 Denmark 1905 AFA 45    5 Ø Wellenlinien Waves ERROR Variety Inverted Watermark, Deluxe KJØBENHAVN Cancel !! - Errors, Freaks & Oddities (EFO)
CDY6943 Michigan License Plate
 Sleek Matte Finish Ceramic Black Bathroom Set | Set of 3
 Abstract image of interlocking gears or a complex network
++++
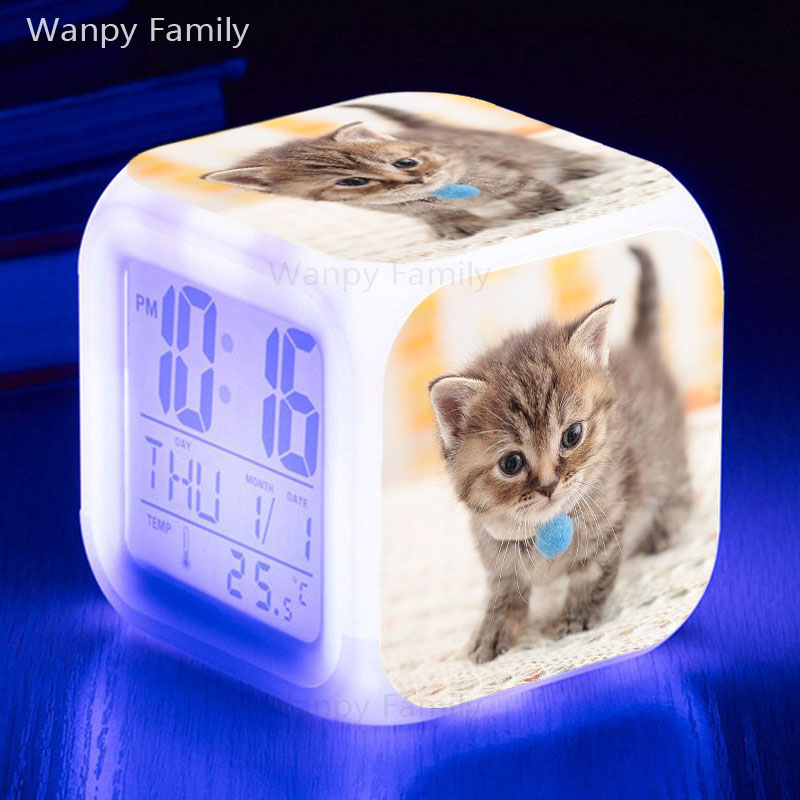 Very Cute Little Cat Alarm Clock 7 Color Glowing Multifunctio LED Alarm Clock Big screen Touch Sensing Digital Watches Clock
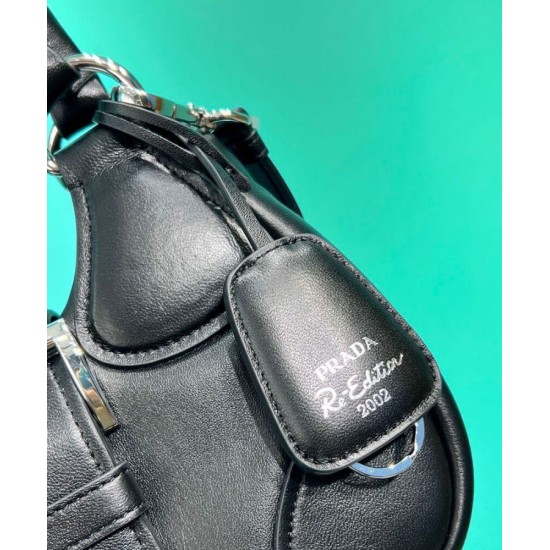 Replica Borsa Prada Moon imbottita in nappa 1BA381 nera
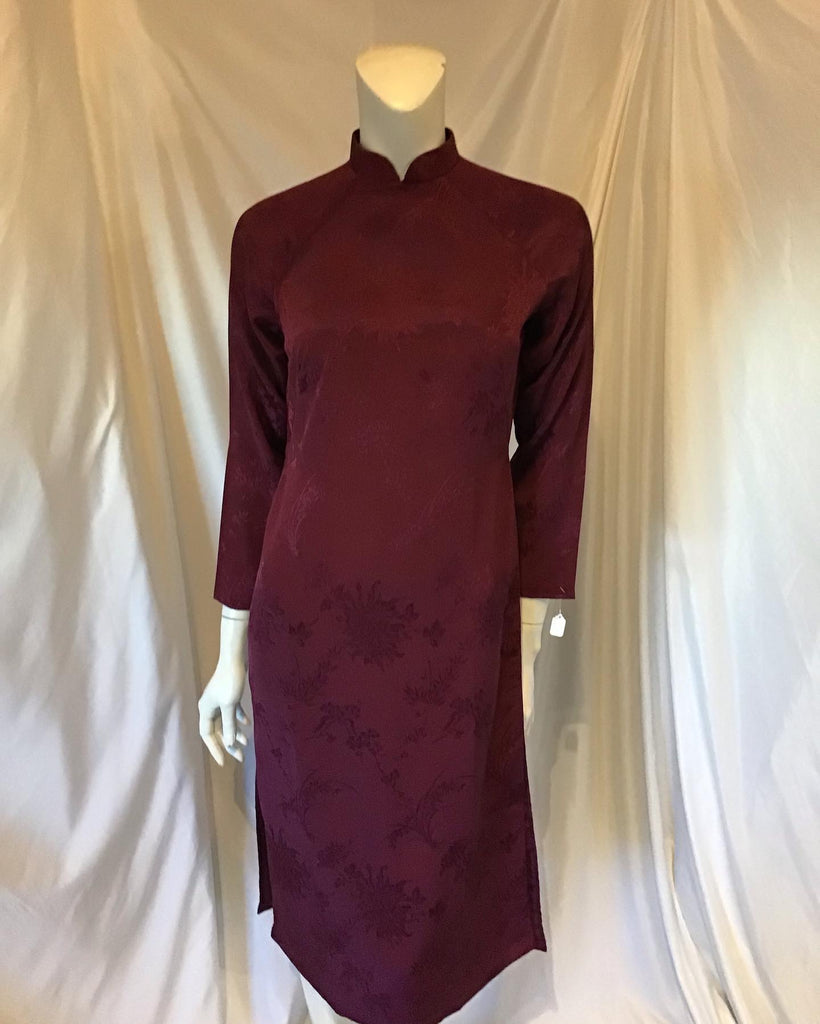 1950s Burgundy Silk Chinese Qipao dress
++++
ACTIVITY:
Transcribe only this stretch of the data: the line with "Replica Borsa Prada", the line with "1950s Burgundy Silk Chinese Qipao dress", and every line in between. Leave out the pictures.

ANSWER SPACE:
 Replica Borsa Prada Moon imbottita in nappa 1BA381 nera
 1950s Burgundy Silk Chinese Qipao dress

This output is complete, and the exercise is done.